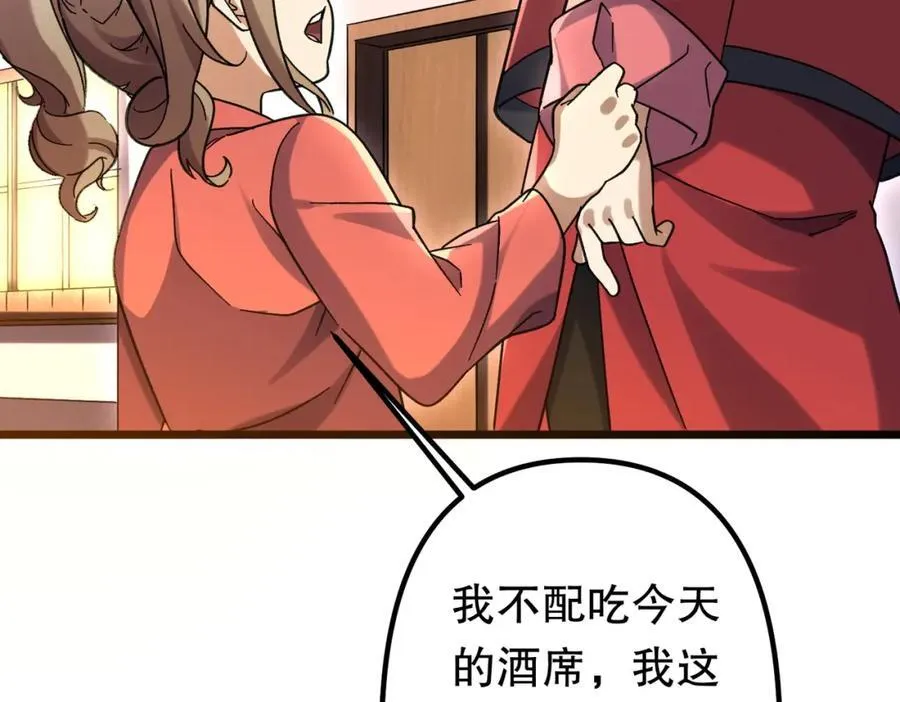 特典4 第52页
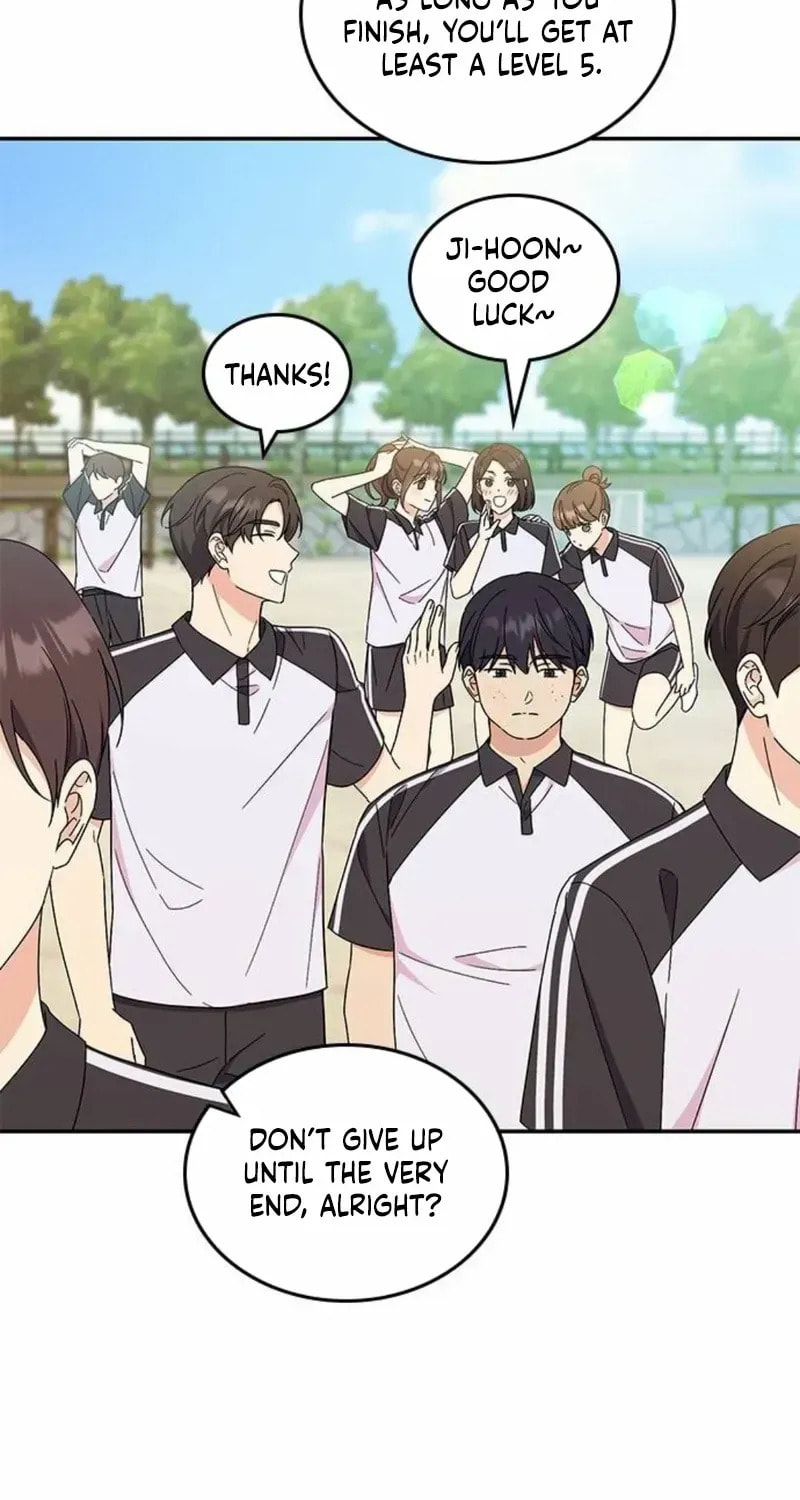 Read Fool Complex chapter 42 image 68 on Lezhin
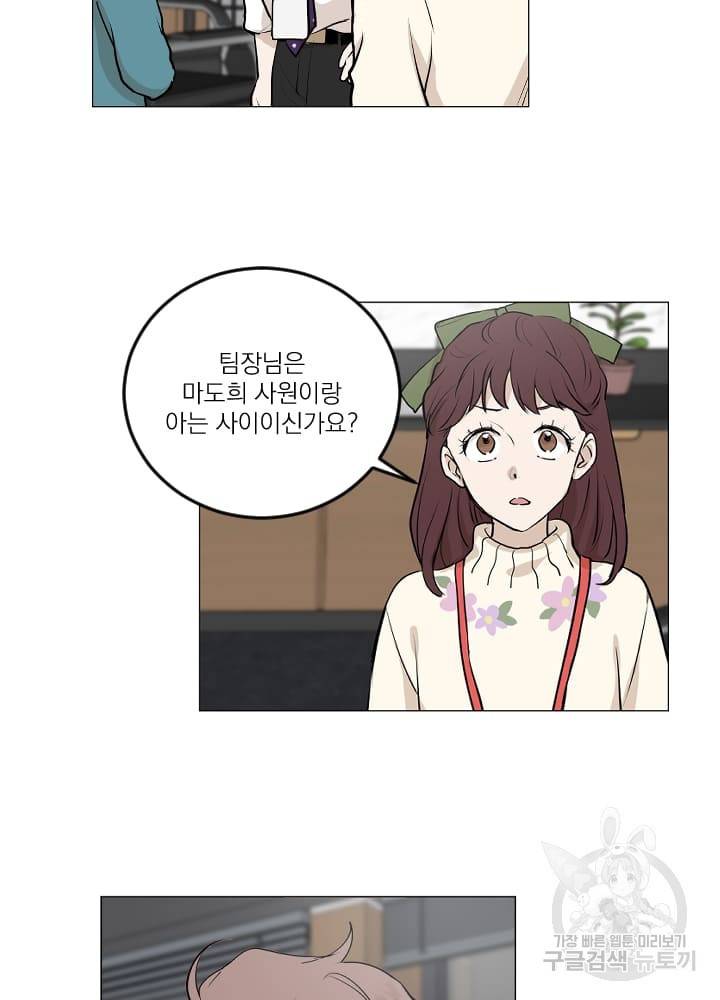 마녀는 사랑하지 않아도 괜찮아요 8화 13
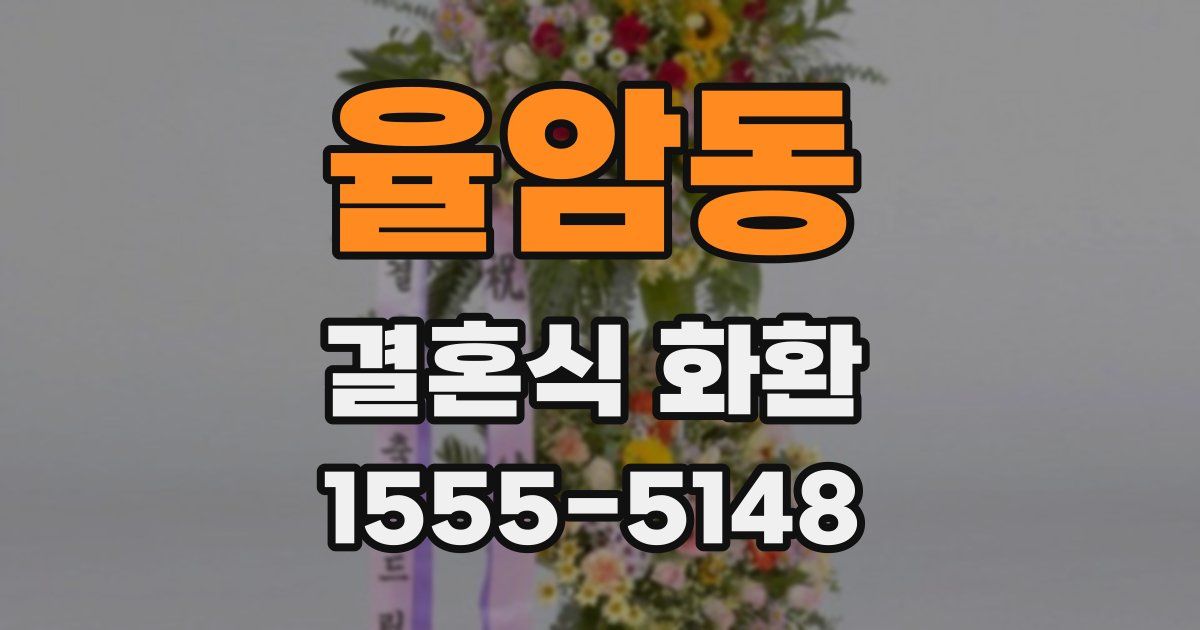 율암동 결혼식 화환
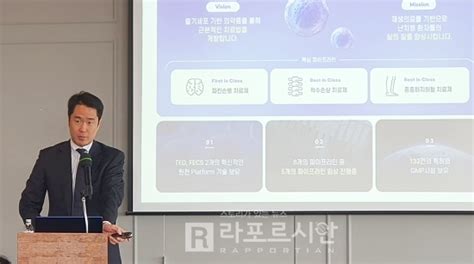 에스바이오메딕스 “플랫폼 기술 기반 블록버스터 세포치료제 도전”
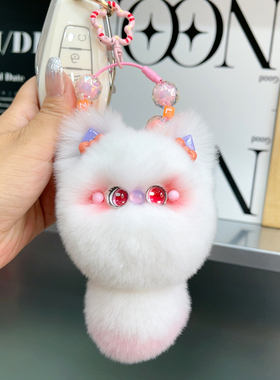 真獭兔毛萌猫钥匙扣包挂件小猫咪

·····

Task to carry out - Every entry above needs to be printed again exactly, with its pictures left out.

Result -
 特典4 第52页
 Read Fool Complex chapter 42 image 68 on Lezhin
 마녀는 사랑하지 않아도 괜찮아요 8화 13
 율암동 결혼식 화환
 에스바이오메딕스 “플랫폼 기술 기반 블록버스터 세포치료제 도전”
 真獭兔毛萌猫钥匙扣包挂件小猫咪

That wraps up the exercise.